● **How to complete this task**: Nothing but an exact copy is asked for: the lines in the material below from the one with "Ty Beanie Babies" through the one with "ST755.438.07 Св-к встр.", pictures excluded.

● **Information provided**:

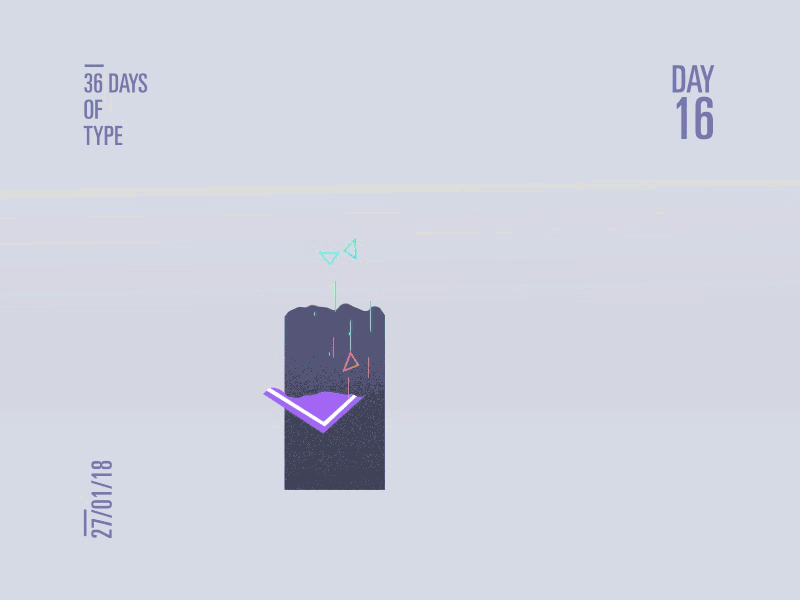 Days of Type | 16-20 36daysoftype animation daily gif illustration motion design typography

* * *

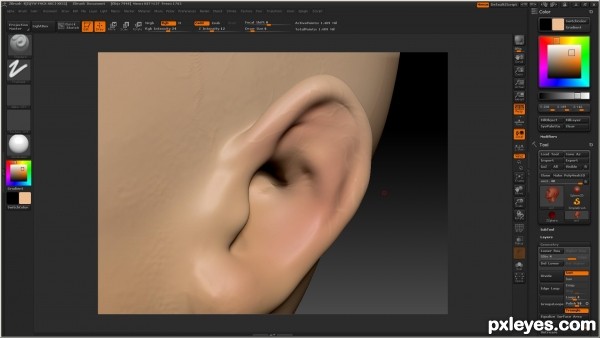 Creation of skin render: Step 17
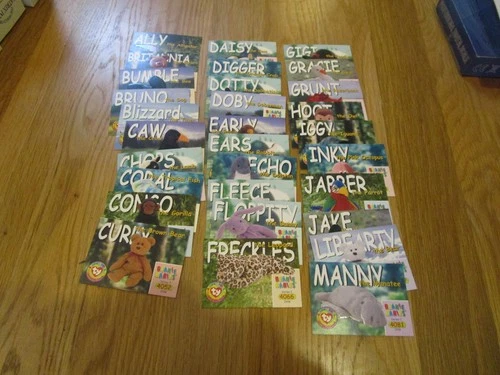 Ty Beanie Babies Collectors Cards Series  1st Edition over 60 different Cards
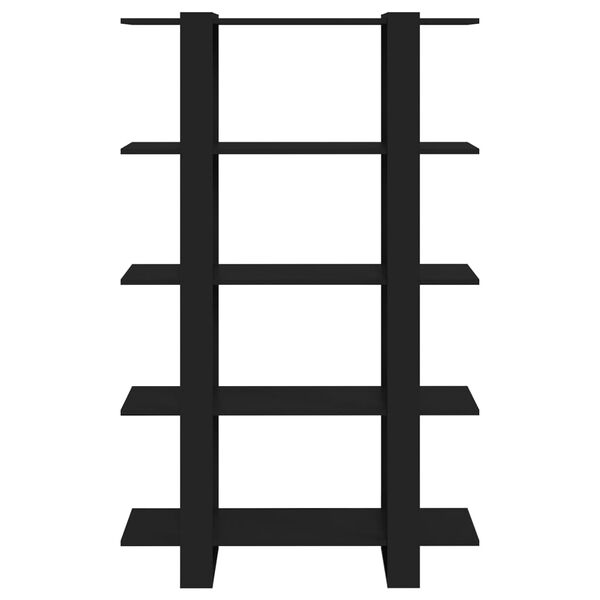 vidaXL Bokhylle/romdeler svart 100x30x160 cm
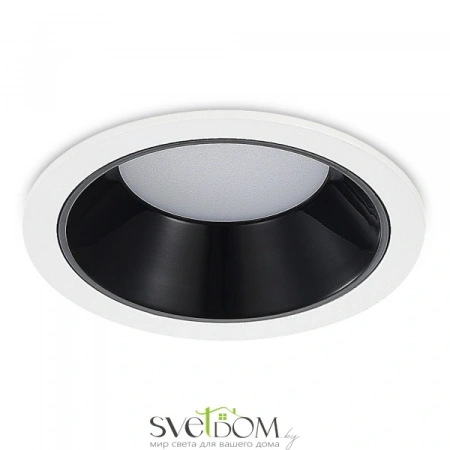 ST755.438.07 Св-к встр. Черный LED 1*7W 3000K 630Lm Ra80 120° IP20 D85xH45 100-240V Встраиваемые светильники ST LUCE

● **Solution for this problem**:
 Ty Beanie Babies Collectors Cards Series  1st Edition over 60 different Cards
 vidaXL Bokhylle/romdeler svart 100x30x160 cm
 ST755.438.07 Св-к встр. Черный LED 1*7W 3000K 630Lm Ra80 120° IP20 D85xH45 100-240V Встраиваемые светильники ST LUCE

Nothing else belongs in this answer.